Perhaps Thomas has had a chance to speak with someone at the university...?

[iron woodrow]

probably a similar way of looking at it is that we dont use mild or wrought as a hammer, no matter what mass, because the difference is apparent even before use!
could an experiment be done on a block of carbon steel with a large mass, try it when normalized, and try it when hardened. the difference will be very noticable, with the same mass. and im not suggesting anyone normalize their anvil!
not all reactions are created equal it seems, isaac newton .

[ThomasPowers]

Actually I talked to one of his Grad-Students Sunday; he's currently has 97 student's in the class he's teaching and is swamped---they've had a hiring freeze but keep losing staff especially as the workloads go up and the salary *doesn't*.

I'll talk to her again and see if she knows a grad student we can rope in....

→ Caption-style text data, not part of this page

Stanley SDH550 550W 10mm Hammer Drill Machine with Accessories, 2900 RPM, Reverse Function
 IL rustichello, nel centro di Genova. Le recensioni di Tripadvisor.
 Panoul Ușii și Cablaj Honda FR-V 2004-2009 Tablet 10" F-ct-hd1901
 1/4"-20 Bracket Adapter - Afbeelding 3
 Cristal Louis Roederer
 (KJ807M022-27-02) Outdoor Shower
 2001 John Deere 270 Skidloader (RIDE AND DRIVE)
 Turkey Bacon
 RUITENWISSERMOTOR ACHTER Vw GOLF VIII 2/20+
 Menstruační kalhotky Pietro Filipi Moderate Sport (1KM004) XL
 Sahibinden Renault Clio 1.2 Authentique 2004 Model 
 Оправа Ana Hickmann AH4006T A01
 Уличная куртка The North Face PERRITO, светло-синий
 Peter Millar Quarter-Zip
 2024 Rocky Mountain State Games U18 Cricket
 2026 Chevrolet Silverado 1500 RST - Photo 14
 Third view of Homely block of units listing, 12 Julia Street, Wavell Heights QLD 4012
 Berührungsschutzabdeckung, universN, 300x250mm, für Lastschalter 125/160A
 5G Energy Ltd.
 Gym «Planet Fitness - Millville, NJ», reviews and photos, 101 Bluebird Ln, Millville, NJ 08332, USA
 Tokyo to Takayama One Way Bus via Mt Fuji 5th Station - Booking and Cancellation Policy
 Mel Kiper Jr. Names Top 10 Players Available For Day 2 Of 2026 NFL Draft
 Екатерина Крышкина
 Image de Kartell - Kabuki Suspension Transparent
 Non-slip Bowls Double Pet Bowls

(btw my students love my dead soft french pattern crosspeen. I believe it went through a fire; but they sure do a lot of work with it anyway. About time to dress it again though...I love it in that they can't ding my anvil or mess up hardy tooling with it.)

[Bigred1o1]

woodarmourer that is just a perfect solution i am going to have to keep an eye out for a good block of steel to try this with just out of curiosity

[Nakedanvil - Grant Sarver]

Here's what I know: Hard is better than soft, big is better than small. I don't need to know more.

[Timothy Miller]

If the material is always hot it is softer than the anvil face. If you are not deforming the anvil face that energy going into the anvil is moving the anvil slightly and going back into the work piece. I don't see how a soft anvil is a problem if you only beat hot iron on it. Silversmiths frequently work on cast iron stakes if the hammer never touches the stake there is no problem. The only real problem is that in the long run scale is abrasive and it will ware the softer material faster than hardened steel. But most of us do beat on cold material and allow the hammer face to bounce on the anvil face from time to time. and this will deform an unhardened steel block in short order. I don't see how a hard anvil face is contributing to the hammer rebounding when one is forging a hot ferrous material that is soft. Its like kneading dough on wood counter verse a granite counter the dough will move the same because both surfaces relative to the dough are hard.

[HWooldridge]

If the material is always hot it is softer than the anvil face. If you are not deforming the anvil face that energy going into the anvil is moving the anvil slightly and going back into the work piece. I don't see how a soft anvil is a problem if you only beat hot iron on it. Silversmiths frequently work on cast iron stakes if the hammer never touches the stake there is no problem. The only real problem is that in the long run scale is abrasive and it will ware the softer material faster than hardened steel. But most of us do beat on cold material and allow the hammer face to bounce on the anvil face from time to time. and this will deform an unhardened steel block in short order. I don't see how a hard anvil face is contributing to the hammer rebounding when one is forging a hot ferrous material that is soft. Its like kneading dough on wood counter verse a granite counter the dough will move the same because both surfaces relative to the dough are hard.

The iron doesn't stay in a bright yellow plastic condition so you start getting resistance/rebound as the material cools. Silver and gold are soft at room temp and generally worked in that condition - so is bread dough. I agree with your comments about scale but if cast iron anvils were the epitome then that's what all of us would use.